Kind of. I didn’t ever meet him so it’s not as cool as everyone thinks. We did it over email, and it’s not really how I prefer to work, I prefer to be in the studio with someone. But it’s very cool that he is on the record.
The video for U Don’t Know is full on – where did the idea come from?
My twisted brain. I was on a plane listening to the demo and that visual came into my head. It’s all about power play. Everything I visualised became real, which is super crazy.
Why did you decide to do all the vocals on the album?
When I started making music, a lot of vocalists wouldn’t give me the time of day. I don’t have to be a Beyoncé, I can still sound like myself and write music that makes it work with my voice and why not do it? I try not to overthink it too much, I still don’t consider myself a singer, it’s about the song as a whole, so that’s just another element
You played the cello for many years. Does having a classical background influence you?
I don’t know. Having an eclectic taste in music is a fortunate thing when making music [but] I don’t like to have it at the forefront of my mind when I’m working because that will limit what comes out of you intuitively. At the same time I know amazing producers that don’t have a classical backgrounds, so it’s all about your ears. My ears have been trained for a long time, so I guess in a way it has helped.
If you picked up the cello now, would you be able to play?
Yes, not as well, but yes.
What do you think about the Australian dance music scene at the moment?
It’s amazing, it’s a community and we all have a lot of respect for each other and hang out. The scene is very forward thinking and I’m fortunate to be a part of a time where it is flourishing. I feel like [some Australian producers] are taking risks in the best way, they are not trying to stay stagnant and safe, they are trying to move with what’s happening.
Where does your love of Drake come from?
I love hip hop, and Drake is different. I love his lyrics, his music and what he’s about. The album that got me into Drake was Thank Me Later and at the moment I’m listening to his mixtape. All of his songs evoke a different emotion every time you listen to them.
Whose career do you envy?
There are no artists I envy. There are a lot I respect, but I have always made a point of sticking to my guns and doing my thing. I don’t really want to compare [myself to] what anyone else is doing. I never did this as a career, this is really my passion and I happen to be constantly around it which is enough for me.
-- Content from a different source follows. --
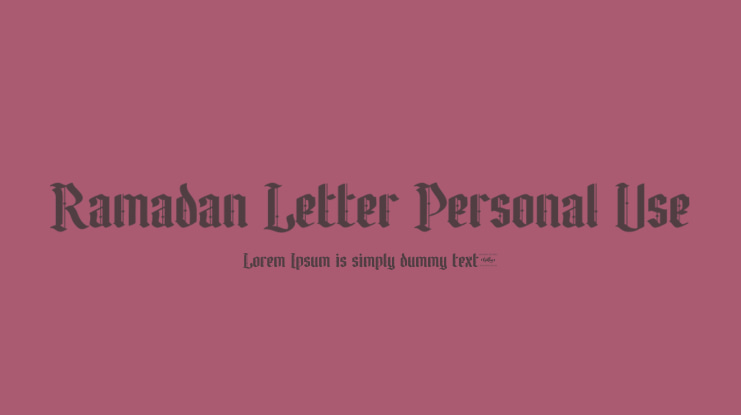 Ramadan Letter Personal Use Font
Do you feel successful yet?
No, I don’t ever want to say I feel successful because I feel like I won’t drive myself anymore. The minute I start thinking like that, it’s not good for me.
What drives you then?
The fact that I’m not where I want to be yet. I didn’t know this is where I wanted to be last year, I just worked really hard and did stuff that I cared about and it led me down this path. I think pre-empting that would be the worst thing to do. If I think about it too much I’d go crazy, so I just try and be honest with what i’m doing.
Who are you looking forward to seeing at Coachella?
I really want to see AC/DC. [It’s] nostalgia really. When you’re a kid and your parents listen to it on the radio, so it makes me feel at home. There are a lot of artists I really want to see, and I want to see my friends play. A friend of mine from Norway called Trippy Turtle is playing and Chet Faker is playing.
What souvenirs are you collecting on your US tour?
I’m going to try to eat every cheeseburger in every city. It’s not a souvenir, but I make a point where I find the best place to eat. I’m half living in LA at the moment so I know all the spots there already. In-n-out burger and Umami burger is really good, and there are a lot of good burger joints there.